The band consists of songwriter and lyricist Brian Dale Allen Strouse, accompanied by Vanessa Winters’ alternately dancing and soulful vocals over the tight and powerful backing of Brendan Cunningham and Josh Friedman.

OSW: What is your songwriting/composing process?
The Lawsuits: There is no real process. Sometimes a melody comes to me and i feel like trying to work it out, so I do. Sometimes I’ll sit at a piano or with a guitar and leave the mics on, then review the tape later…. You can get some good stuff by keeping everything recording and just screwing around.

OSW: What are you most proud of?
The Lawsuits: That i’ve stuck with music. I’ve been singing since 5 yrs old, writing since 10 or 11, and performing live since 12. I have no intention of doing anything other than what i’m doing.

OSW: I grew up in Philly and I loved having access to both Philly and new York because they can be totally different worlds musically.  Has being near those two cities impacted your writing?
The Lawsuits: Maybe. I’m not sure what it would be like to have grown up in a different area. I assume my surroundings impacted my development to some degree.

OSW: Everyone has access to a “world of music” now, but you don’t sound like “a band from Philly”?  How did your sound/direction come together?
The Lawsuits: Well, thank you.. If that is the case. We owe a lot to the fact that the core group of myself, Brendan, Vanessa, and Josh have stayed together. Keeping a band together is pretty tough, and most people can’t do it. I’ve been able to, and I see no reason why it should change anytime soon. With the new album just about ready to come out, our direction is becoming a bit more focused. This album is the best thing that we’ve ever had the opportunity to put our name on. Good recorded music is something that we’ve been lacking for a long time (funny for a band, right?), and also ironic because we record more than any band I know from Philadelphia (although I’m not sure such a figure exists) …a running catalog of about 1k proper demos, and who knows how many song ideas or lyric pages with no corresponding melody. Maybe someday all these demos will become useful…

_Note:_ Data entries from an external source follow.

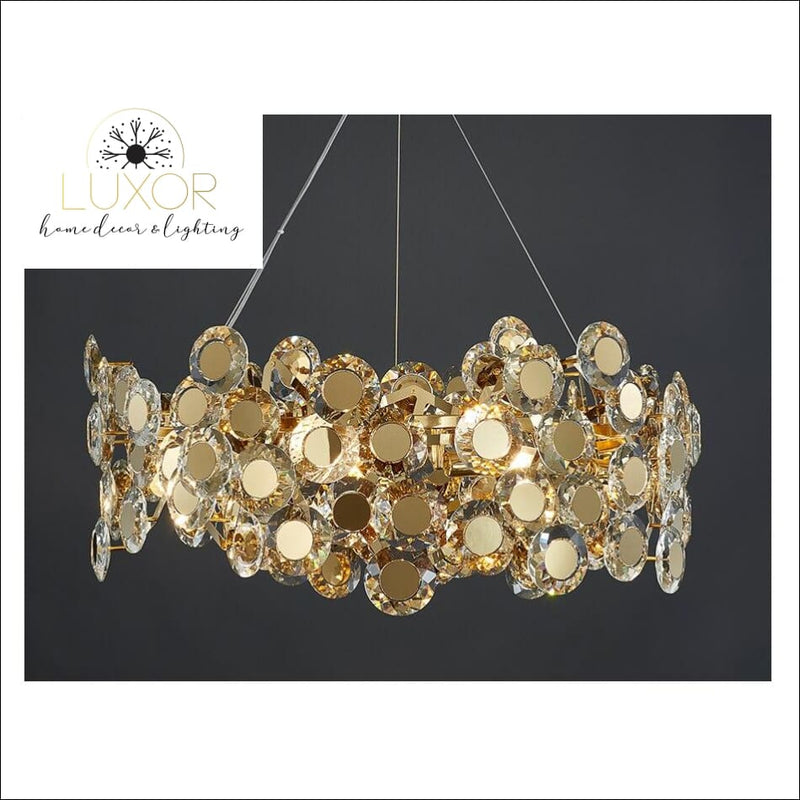 Margeuerite Gold Round Chandelier - chandelier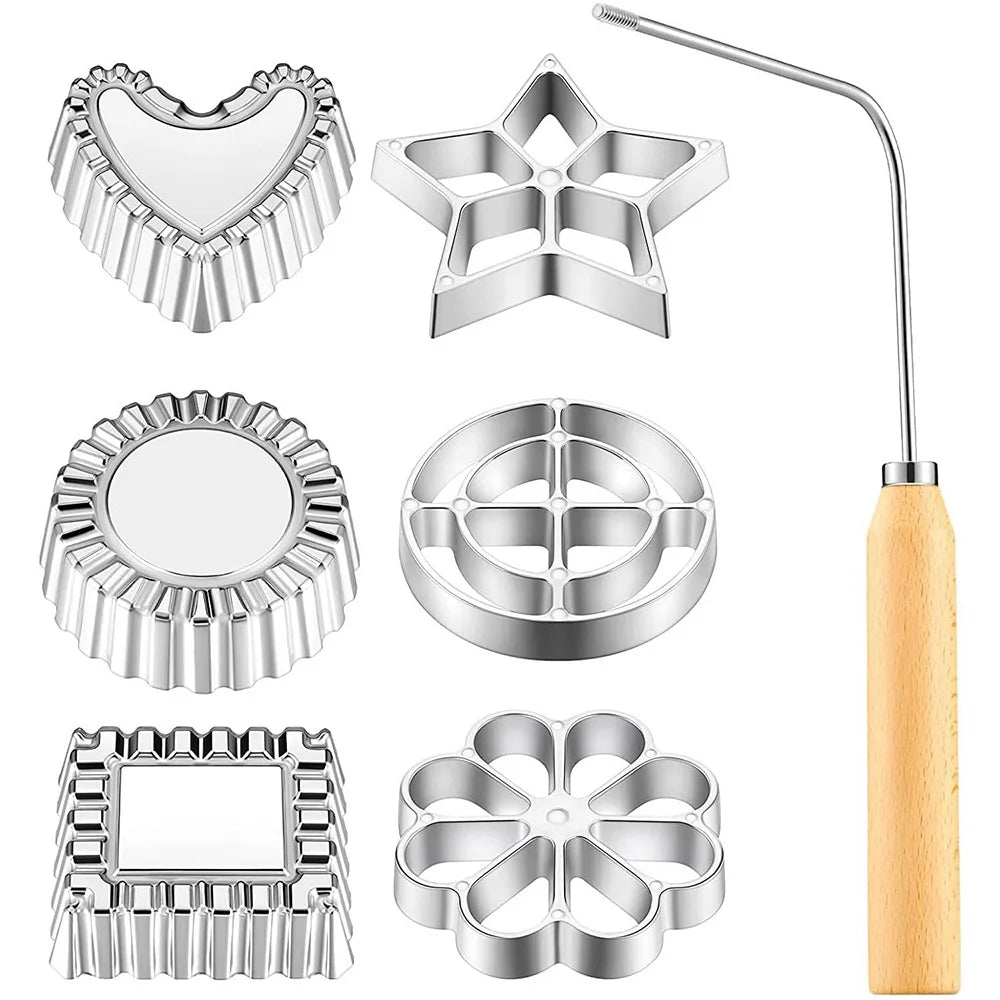 Rosette Iron Cookie Mold Set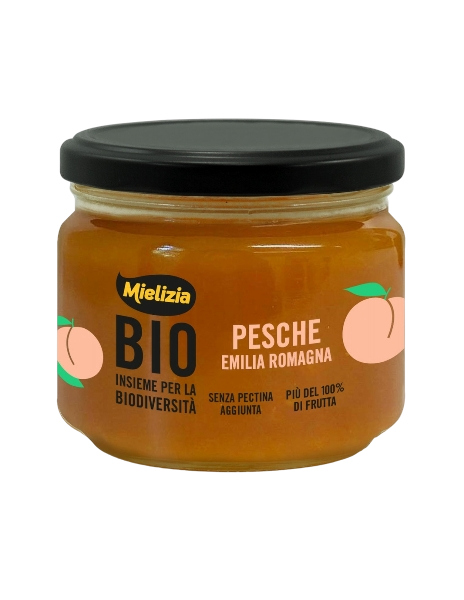 MIELIZIA JAMS PEACHES 250 GR (6 in a box)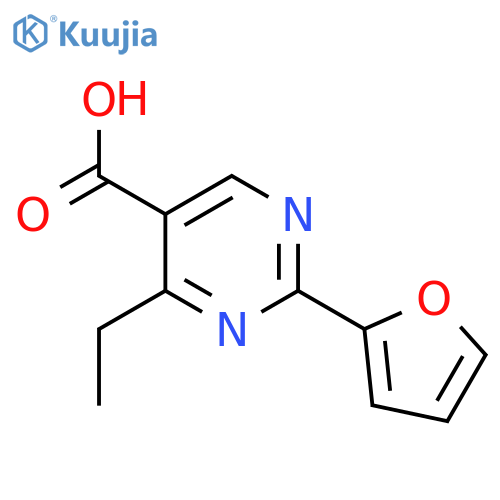 4-Ethyl-2-(furan-2-yl)pyrimidine-5-carboxylic acid structure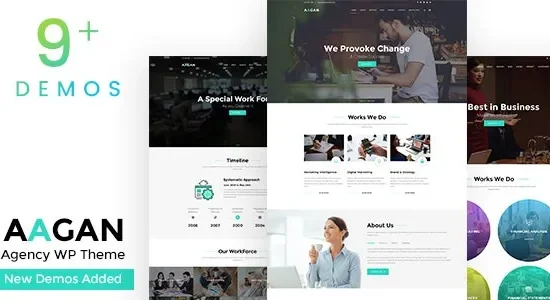 Aagan - Agency, Startup WordPress Theme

OSW: What is your favorite songwriting lyric?
The Lawsuits: “A heart stained in anger grows weak and grows bitter. You’ll become your own prisoner as you watch yourself sit there, wrapped up in a trap of your very own chain of sorrow.”  (“Bruised Orange” – John Prine )

OSW: What advice would you give to young songwriters/composers?
The Lawsuits: Record anything and everything. Try playing types of music you don’t like listening to. Keep receipts.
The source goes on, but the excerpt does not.